MHCP Provider manual requirement for DA date of service
The MN DHS Provider manual says the following about billing diagnostic assessments:
- Complete all Diagnostic Assessment (DA) Report Components before billing a DA
- Enter the date of service for the DA as the date the written DA report is completed
We have always used the face-to-face date as the DOS to bill a DA, and are billing after the DA is marked audit ready (completed). The State of MN, however has advised us to bill the date of service as the date the DA report is completed. (This is documented by the MHCP provider manual and via email correspondence we have received. I have also heard this said by DHS staff directly!)
I realize that agencies who use Procentive do both -- that is bill with the DOS as the face-to-face date or bill the date of service with the date the DA is completed.
If you use the DA completion date as the DOS -- a couple of questions:
How is it working / what is your process?
Do you do the same for all payers: MA & Private?
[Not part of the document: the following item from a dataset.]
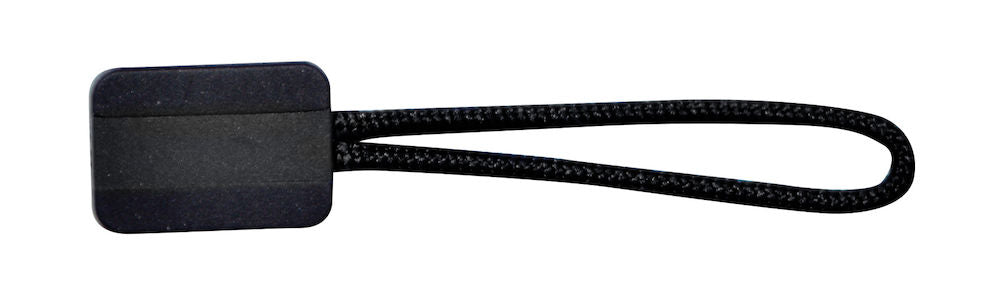Zwarte reinkebedrijfskleding Zipper Puller, vierkant design, stevig koord, geschikt voor diverse kledingstukken.
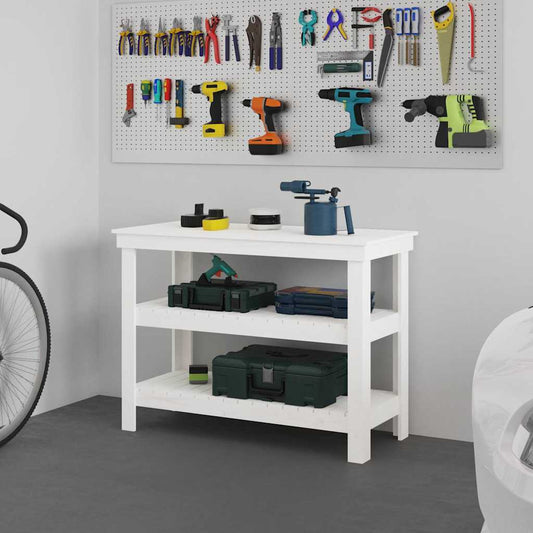 Work Bench with Shelf White 110.5 x 50 x 80 cm Solid Pine Wood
Customer support service by UserEcho
What I try to inform staff to do is to not do a Time Add for the DA initially. So, instead of going through Appointments->Time Add, I suggest going through Clinical/Charting->Add.
Then, when signature is ready, create the Service line, and then attach the service line to the existing DA. This will update the DA with the new date. Then, the signature would be created.
This works smoothly for licensed providers, I think. The issue is those needing supervisor's signatures. What may be completed and signed by the trainee on May 1st might not be signed off on by May 6th by the supervisor. Asking busy supervisor's to create service lines and do that process seems redundant, so that's where I am struggling to come up with a good process.